Problem description: The listing below begins with the first line you should copy; stop after the line containing "Basic Vagina Surgical", and drop every picture.

Data shown:
Segment Open
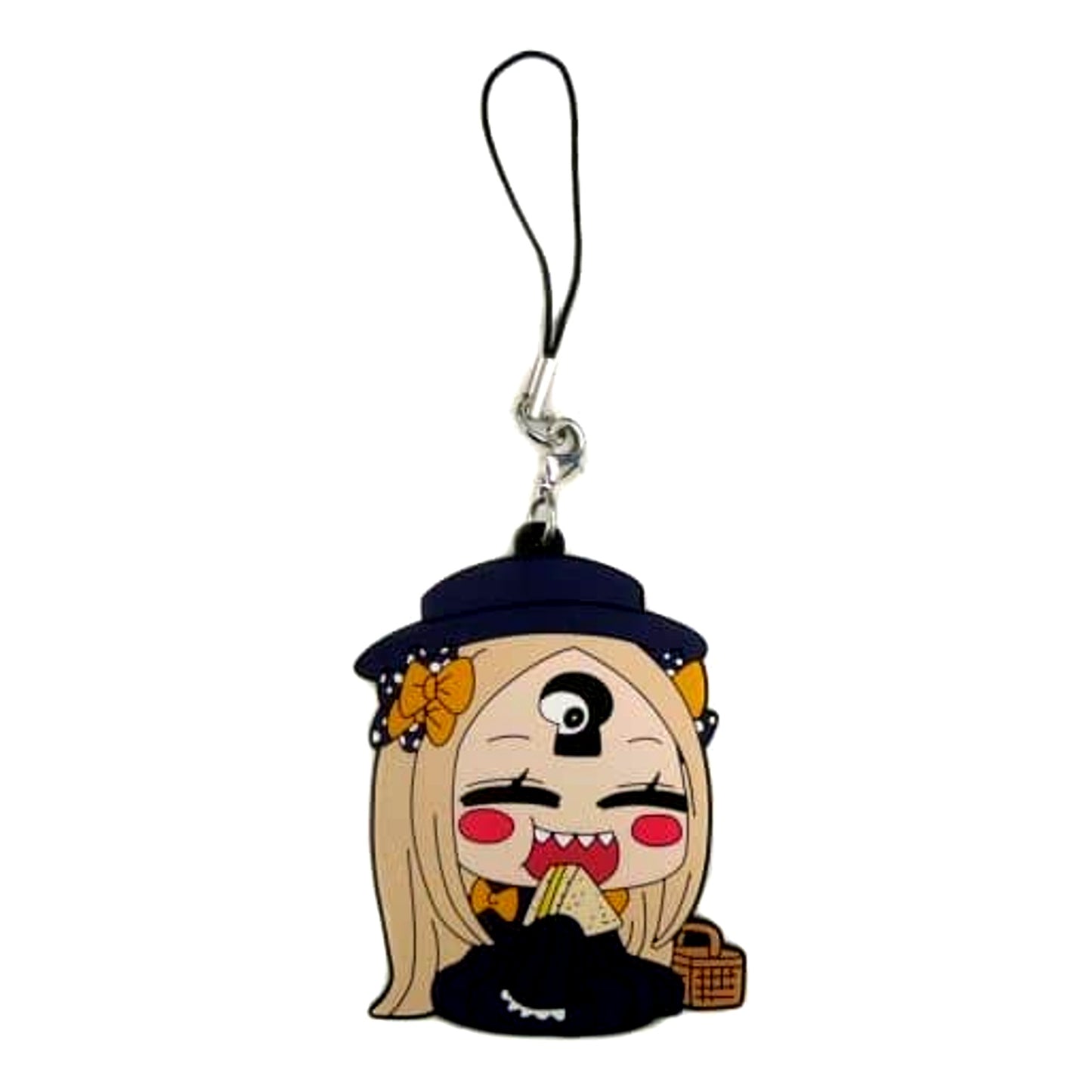 Fate/Grand Order Abigail Williams Riyo Newly Illustrated Rubber Charm Fate/Grand Order Fes. 2018 3rd Anniversary [USED]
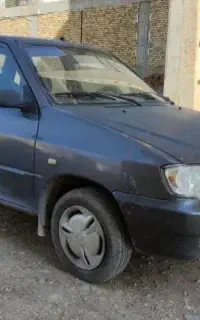 پراید 89 داشبرد جدید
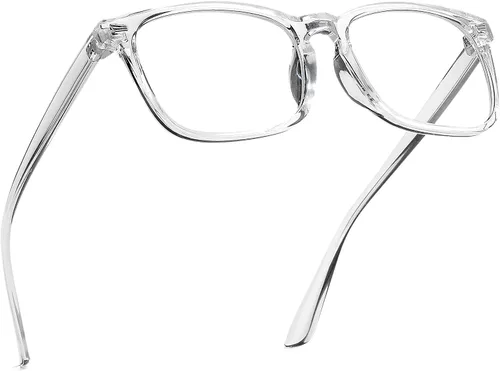 Vista 3 de Pro Acme Anteojos no recetados, con montura y lentes transparentes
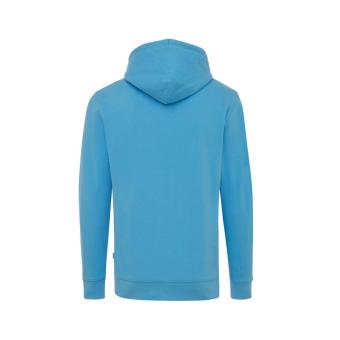 Iqoniq Jasper Hoodie aus recycelter Baumwolle, Ruhiges Blau Ruhiges Blau | XXS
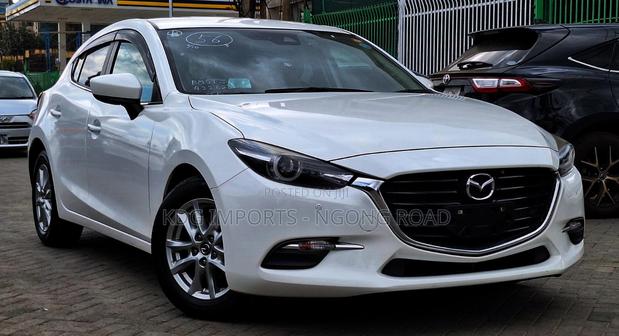 Mazda Axela 2019 White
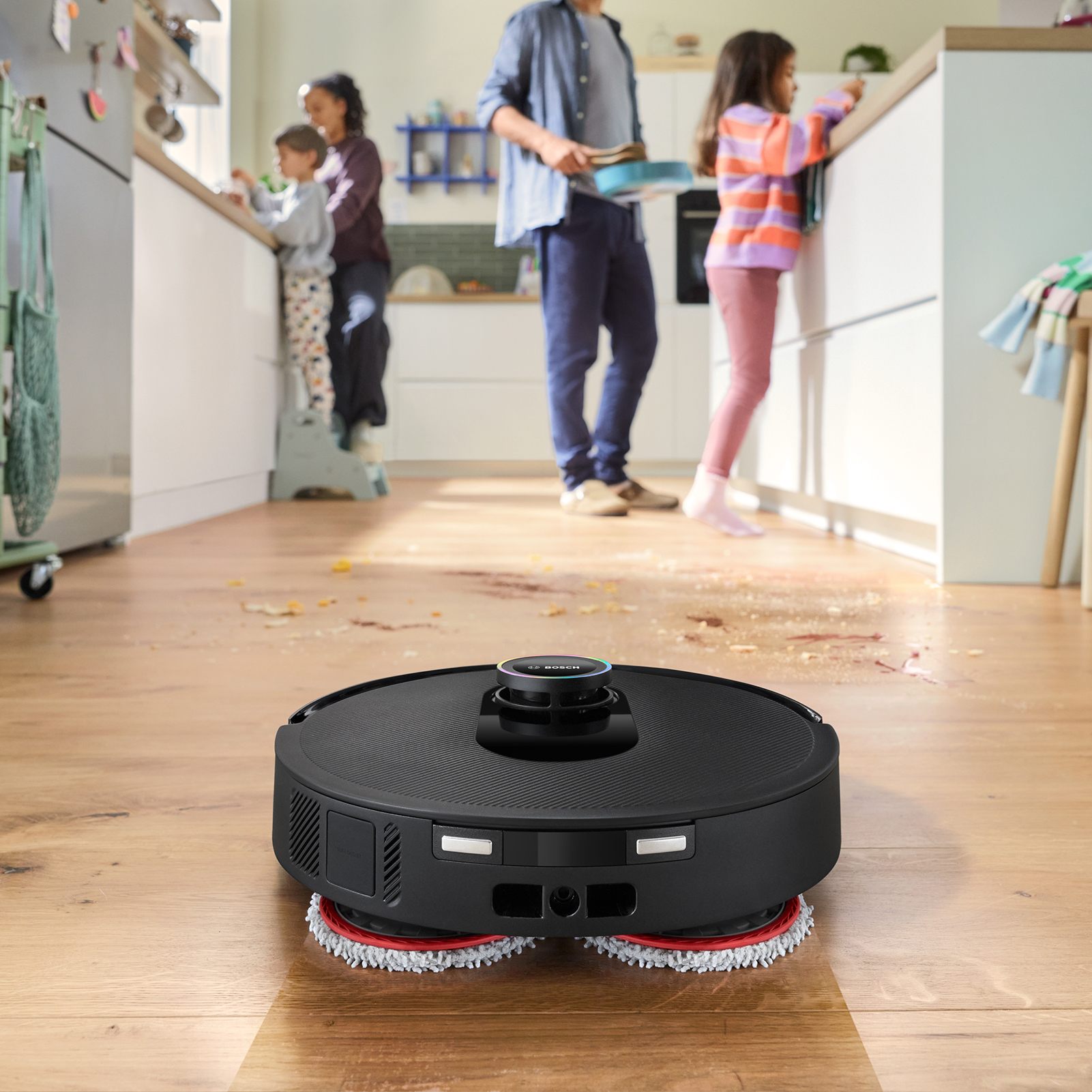Bosch Saug- und Wischroboter Wischaufsätze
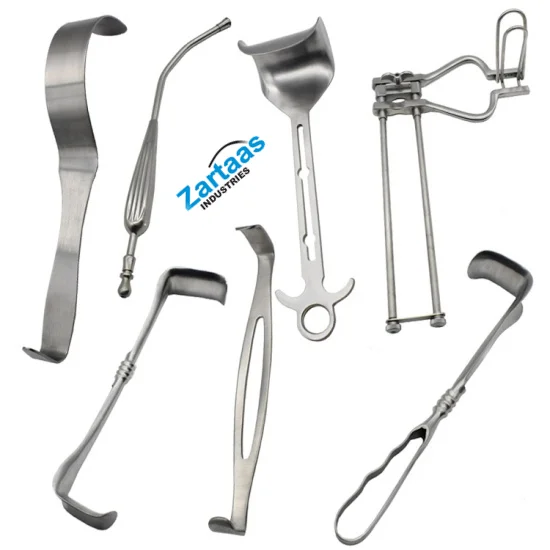 Basic Vagina Surgical Instrument Set 7 Kits Gynecology Instruments Surgical Instruments Manufacturer and Exporter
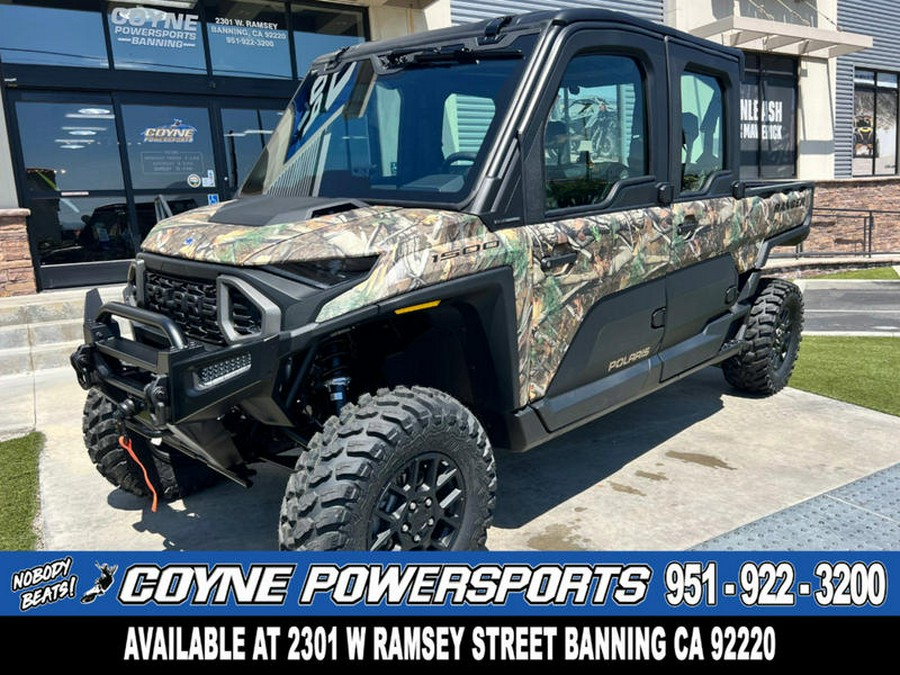 2024 Polaris® Ranger Crew XD 1500 NorthStar Edition Ultimate Camo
Segment Closed
Output for this exercise:
 Fate/Grand Order Abigail Williams Riyo Newly Illustrated Rubber Charm Fate/Grand Order Fes. 2018 3rd Anniversary [USED]
 پراید 89 داشبرد جدید
 Vista 3 de Pro Acme Anteojos no recetados, con montura y lentes transparentes
 Iqoniq Jasper Hoodie aus recycelter Baumwolle, Ruhiges Blau Ruhiges Blau | XXS
 Mazda Axela 2019 White
Bosch Saug- und Wischroboter Wischaufsätze
 Basic Vagina Surgical Instrument Set 7 Kits Gynecology Instruments Surgical Instruments Manufacturer and Exporter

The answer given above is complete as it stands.